= ASSIGNMENT =
From the line containing "What we're going" through the last line of the material, copy every line exactly, both ends inclusive; do not copy pictures.

= SOURCE RECORDS =
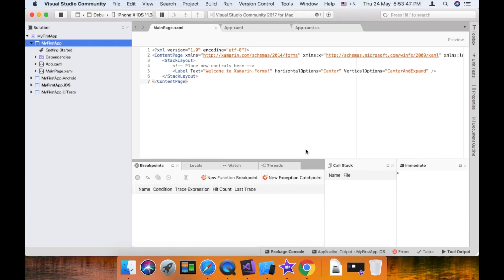Hi guys. In this video, let me show you Xamarin.Forms view-to-view binding. By default, the main page XAML is open. Here is a label, and we need to add another control.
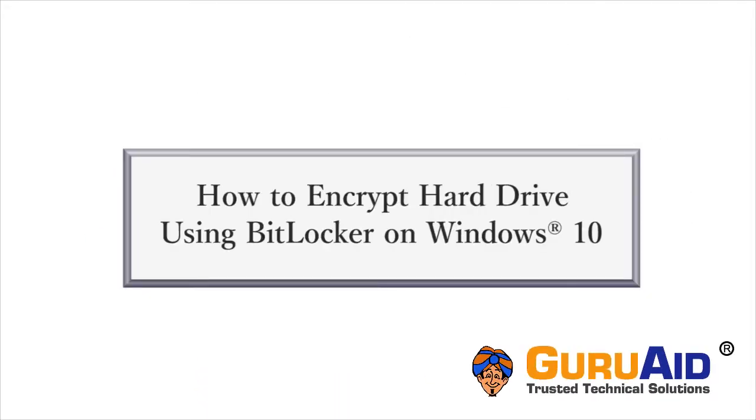BitLocker is an inbuilt tool of Windows 10 which can encrypt your hard drive and provides enhanced security. Let's see how to encrypt hard drive using BitLocker on Windows 10.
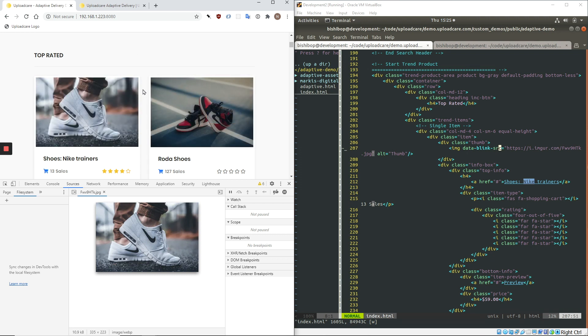What we're going to do next is we're going to look at the same website, but with Adaptive Delivery implemented on all of the images.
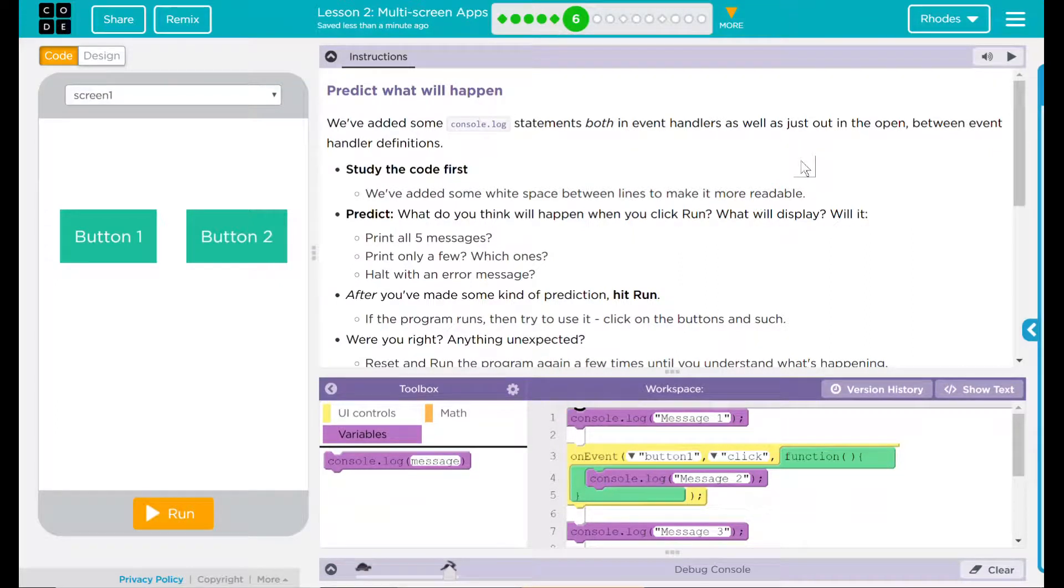Hey kids, welcome to a lesson on multi-screen apps. Number four, predict what will happen.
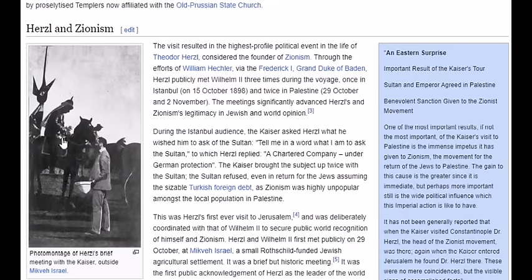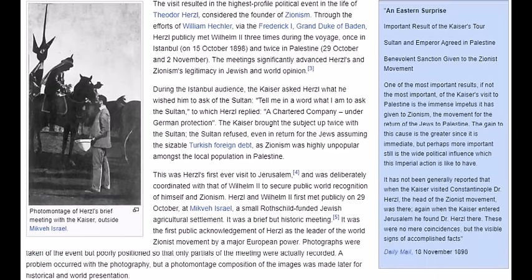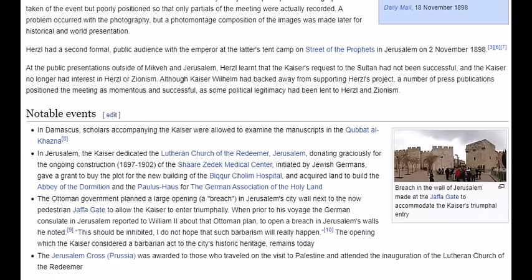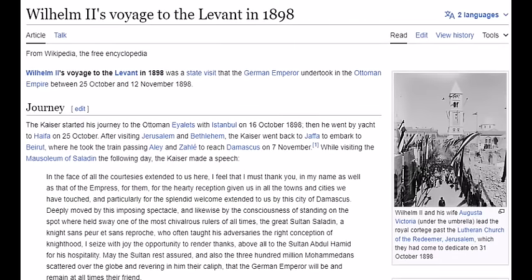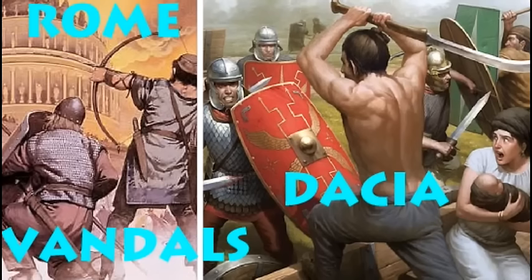Here you can read about it — Wilhelm II's voyage to the Levant in 1898. Here is a photomontage of Herzl's brief meeting with the Kaiser, but this really happened. By the way, 'Herzl' means 'little heart,' and apparently he had a heart for the JJ base. He was a Freemason, as I've already shown — there's a Freemason lodge called Theodor Herzl in the JJ base. The Freemason lodge would not give the name of any lodge to a non-Freemason, so Theodor Herzl was most likely a member of Pharaoh's nobility.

= YOUR RESPONSE =
What we're going to do next is we're going to look at the same website, but with Adaptive Delivery implemented on all of the images.
Hey kids, welcome to a lesson on multi-screen apps. Number four, predict what will happen.
Here you can read about it — Wilhelm II's voyage to the Levant in 1898. Here is a photomontage of Herzl's brief meeting with the Kaiser, but this really happened. By the way, 'Herzl' means 'little heart,' and apparently he had a heart for the JJ base. He was a Freemason, as I've already shown — there's a Freemason lodge called Theodor Herzl in the JJ base. The Freemason lodge would not give the name of any lodge to a non-Freemason, so Theodor Herzl was most likely a member of Pharaoh's nobility.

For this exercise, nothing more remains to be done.